In the utopian rhetoric of the ‘smart city’, contemporary practices of image-making are deemed to have transformative power, to generate new participatory forms of political agency. Smart city boosters and branders promise a world of citizen visualization – a street level power to collectively shape and safeguard the future, enacted in processes of photographing and filming. Smart visualization is, we are told, a panacea for the multiplicity of threats to social stability. Critical responses to this vision centre on its apparent homogeneity and stability (Greenfield, 2013; Townsend, 2014). Here, smart city governance is understood to exploit what IBM engineers call ‘a real time operational picture’ of urban culture.
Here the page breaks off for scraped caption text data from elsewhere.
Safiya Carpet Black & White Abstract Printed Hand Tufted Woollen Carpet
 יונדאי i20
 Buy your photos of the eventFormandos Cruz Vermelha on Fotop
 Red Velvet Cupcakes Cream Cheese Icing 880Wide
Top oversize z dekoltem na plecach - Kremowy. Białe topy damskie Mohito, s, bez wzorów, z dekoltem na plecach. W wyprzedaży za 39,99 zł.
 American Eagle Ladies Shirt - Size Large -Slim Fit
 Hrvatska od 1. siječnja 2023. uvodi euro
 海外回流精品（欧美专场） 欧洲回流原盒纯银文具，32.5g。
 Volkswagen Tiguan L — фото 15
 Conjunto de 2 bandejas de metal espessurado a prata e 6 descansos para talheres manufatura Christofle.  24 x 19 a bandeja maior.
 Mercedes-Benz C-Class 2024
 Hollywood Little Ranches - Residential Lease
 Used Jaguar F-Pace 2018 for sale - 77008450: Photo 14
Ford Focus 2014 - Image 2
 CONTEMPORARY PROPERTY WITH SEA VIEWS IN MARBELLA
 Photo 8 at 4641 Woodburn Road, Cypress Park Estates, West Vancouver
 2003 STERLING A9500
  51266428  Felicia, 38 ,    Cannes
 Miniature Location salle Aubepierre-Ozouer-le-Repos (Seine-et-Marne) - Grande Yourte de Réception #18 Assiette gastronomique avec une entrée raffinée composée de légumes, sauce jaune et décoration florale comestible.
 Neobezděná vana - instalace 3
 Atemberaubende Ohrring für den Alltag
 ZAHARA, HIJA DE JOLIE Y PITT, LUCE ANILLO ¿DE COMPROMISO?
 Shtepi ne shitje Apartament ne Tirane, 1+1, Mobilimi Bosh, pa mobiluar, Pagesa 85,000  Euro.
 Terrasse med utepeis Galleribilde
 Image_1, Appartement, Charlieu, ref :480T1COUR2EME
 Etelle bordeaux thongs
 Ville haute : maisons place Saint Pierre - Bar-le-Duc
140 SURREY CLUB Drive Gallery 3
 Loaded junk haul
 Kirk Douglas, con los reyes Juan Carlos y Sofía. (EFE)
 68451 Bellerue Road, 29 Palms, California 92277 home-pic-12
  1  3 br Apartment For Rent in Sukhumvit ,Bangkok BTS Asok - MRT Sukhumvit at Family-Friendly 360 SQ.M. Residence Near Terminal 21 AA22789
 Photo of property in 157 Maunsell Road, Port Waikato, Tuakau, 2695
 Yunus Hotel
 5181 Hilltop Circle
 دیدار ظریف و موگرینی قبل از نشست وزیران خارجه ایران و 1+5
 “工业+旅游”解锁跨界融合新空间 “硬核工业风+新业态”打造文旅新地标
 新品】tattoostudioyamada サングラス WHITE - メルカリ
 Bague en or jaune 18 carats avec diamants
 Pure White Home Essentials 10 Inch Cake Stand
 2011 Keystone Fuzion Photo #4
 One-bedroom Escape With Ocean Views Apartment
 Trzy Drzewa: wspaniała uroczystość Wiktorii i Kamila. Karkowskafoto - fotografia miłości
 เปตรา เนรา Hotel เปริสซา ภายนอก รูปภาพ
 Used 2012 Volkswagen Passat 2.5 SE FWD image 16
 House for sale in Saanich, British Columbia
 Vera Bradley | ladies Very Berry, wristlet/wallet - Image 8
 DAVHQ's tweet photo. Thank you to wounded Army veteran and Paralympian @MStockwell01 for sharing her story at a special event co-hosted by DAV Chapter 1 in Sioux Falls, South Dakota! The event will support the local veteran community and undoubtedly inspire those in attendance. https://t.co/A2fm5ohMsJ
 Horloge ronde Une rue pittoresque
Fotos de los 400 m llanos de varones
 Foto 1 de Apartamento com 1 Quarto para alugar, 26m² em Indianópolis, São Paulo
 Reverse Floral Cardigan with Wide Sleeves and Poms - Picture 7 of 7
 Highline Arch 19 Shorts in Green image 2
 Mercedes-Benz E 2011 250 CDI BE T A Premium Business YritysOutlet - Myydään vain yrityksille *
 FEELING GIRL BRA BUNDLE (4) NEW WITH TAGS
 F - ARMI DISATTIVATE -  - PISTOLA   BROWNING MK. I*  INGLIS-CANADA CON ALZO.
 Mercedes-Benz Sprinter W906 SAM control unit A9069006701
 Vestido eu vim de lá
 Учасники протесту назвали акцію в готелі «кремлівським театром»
There is a general fear that ostensibly participatory processes in fact produce ‘programmable’ urban environments that allow future citizenship to be subjected to present control. Such responses emphasize a need to counter the ‘big picture’ views of city governance with tactics that recall Fredric Jameson’s practice of ‘cognitive mapping’ (Toscano and Kinkle, 2015). However, as Jennifer Gabrys (2014) makes clear, smartness does not operate according to ‘normative mechanisms’ but instead optimizes difference by mediating the tendencies and orientations of the environment to which any activity of visualization is immanent. This is to imagine the smart city as a premediated zone, whereby power seeks to control and manipulate ‘multiple futures…alive in the present’, future political trajectories that ‘exist as not quite fully formed potentialities or possibilities’ (Grusin, 2010). In the smart city, there is a relegation of established political powers that derive from ‘agent-centred’ visualization. Instead, agency is transformed according to an ‘environmental sensibility’ (Hansen, 2015) that remains out of conscious reach. Accordingly, although the vision of the smart city has yet to be actualized, it already has real implications for how we conceive street level agency. Here I will contend that new ‘street smarts’, appropriate to the conditions of the present, will only emerge through an interrogation of the humanist discourses that surround processes of visualization.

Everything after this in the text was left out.